Have clear up-to-date policies that are easily accessible to every employee. These policies should include procedures and processes of how your organization manages and deals with issues, and what support and confidentiality are provided to employees that are going through this experience. Every incident that is reported needs to be followed through thoroughly. A survey by Employment and Social Development Canada (ESDC) on workplace harassment, found that 75% of survey respondents had experienced harassment in the workplace, but 41% stated that no attempt was made to resolve the issue (ESDC, 2017). It needs to be extremely clear who employees can contact and reach out to should they experience or witness a situation like this. Creating a trusting environment is essential for team members to feel like they can come forward with these issues, and in growing remote team environments, it can be challenging for individuals to even understand who they can turn to.

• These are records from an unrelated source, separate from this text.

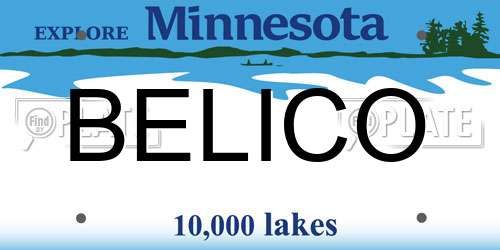 BELICO Minnesota License Plate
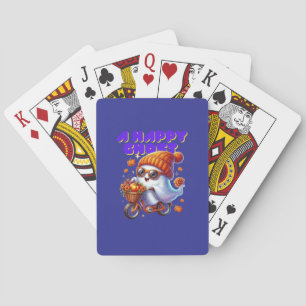 Halloween Ghost Boo Playing Cards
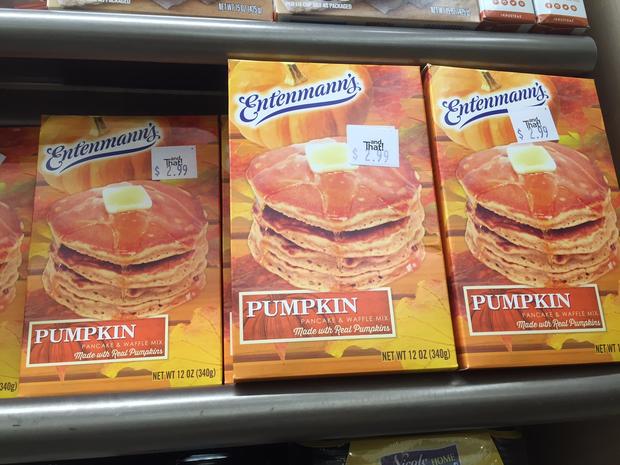 Pumpkin waffle mix 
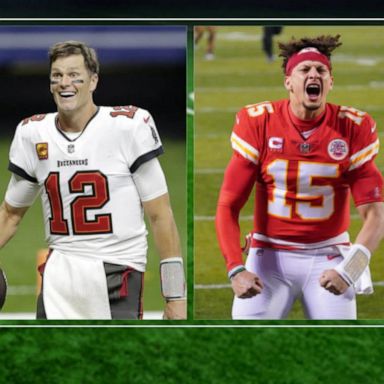 VIDEO: Tom Brady, Patrick Mahomes speak out before facing off in Super Bowl LV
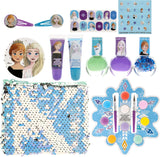 Disney Frozen 2 Cosmetic Set For Kids Nail Polish, Lip Gloss, Nails, Stickers + Bag
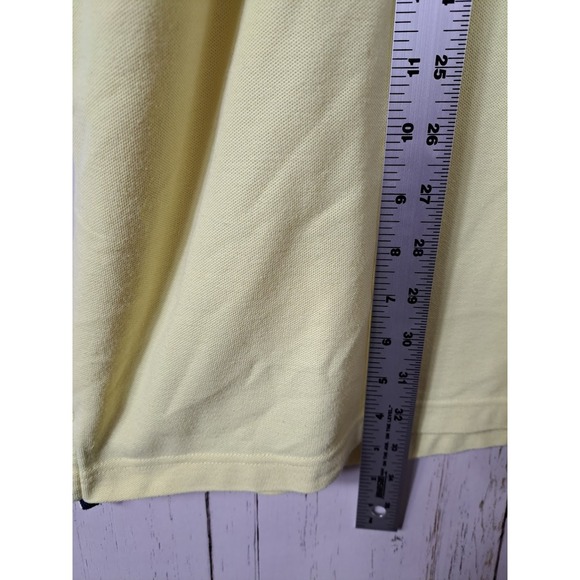 Croft Barrow Size XL Tall Womens Button Up Yellow Short Sleeve Polo Top - Picture 5 of 7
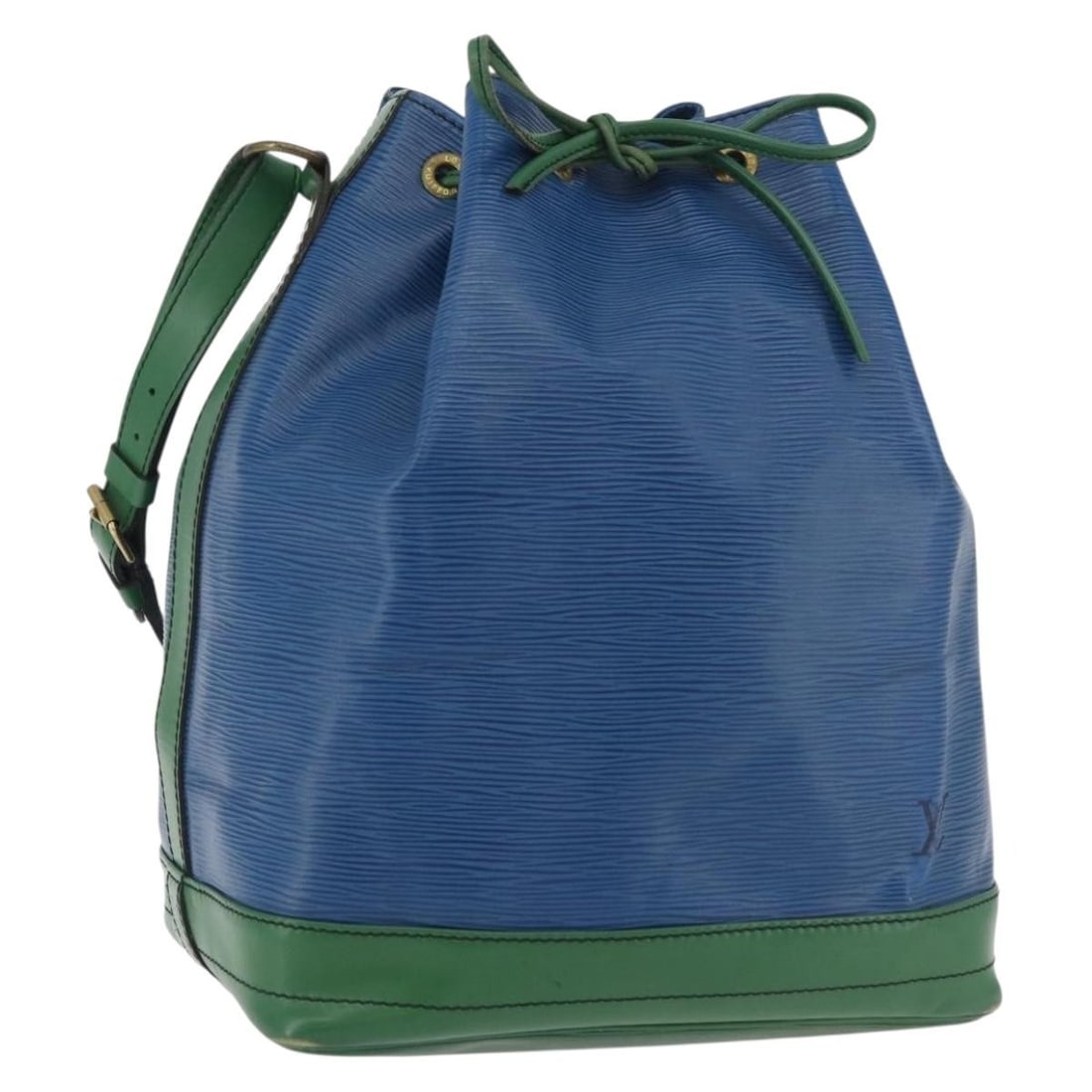 Louis Vuitton Noe Blue Epi Leather Bicolor Unisex Shoulder Bag (1 of 18)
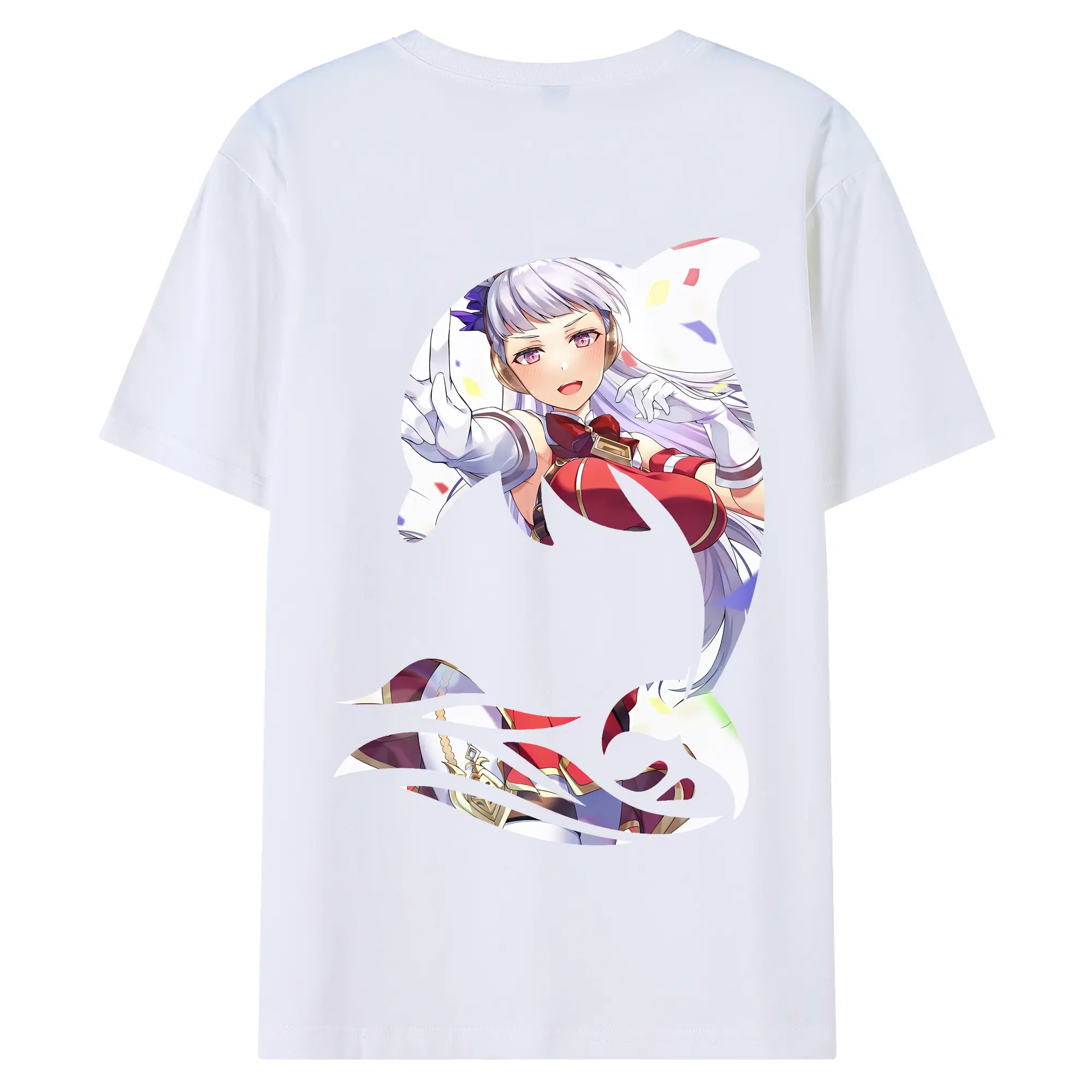 ウマ娘 プリティーダービー グッズ ゴールドシップ - 綿100％ 半袖Tシャツ ・ バックプリント ・ 快適 通気性 ・ 日常使い 散歩 スポーツ用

Educate leaders on what unfair treatment looks like in the workplace so they can better identify other leaders that aren’t following fair procedures and behaviours. It’s not about turning leaders against each other – in fact, it’s the opposite. It’s bringing leaders together to create accountability in how they show up in their teams and creating a shared mindset around the influence they have as leaders. This is about upholding a certain standard of fairness, equality, and workplace safety, and if any leader witnesses behaviour outside of those organizational standards, they know exactly what support is available to them and what their next step should be. Training leaders on emotional intelligence skills like self-awareness, empathy, and clear communication, as well as coaching, will support leaders themselves from feeling overwhelmed and stressed, thus making them more present leaders.


According to a survey carried out by YouGov on behalf of the Trade Unions Congress (TUC), most bullying is carried out by superiors – 72% of people have been bullied by their manager (TUC, 2015). So, it’s not enough for organizations to just train managers on anti-bullying policies because, in some cases, they could be the ones carrying out the harassment. Consider how an employee that’s being bullied by their leader remotely might feel? Isolated? Alone? Helpless? This is why organizations need to ensure that while every employee is under the direct supervision of a particular manager, they also have the opportunity to provide feedback and connect with managers other than their direct leader. This can create a space for leaders at all levels to ensure extra responsibility and accountability from their peers in fair management treatment.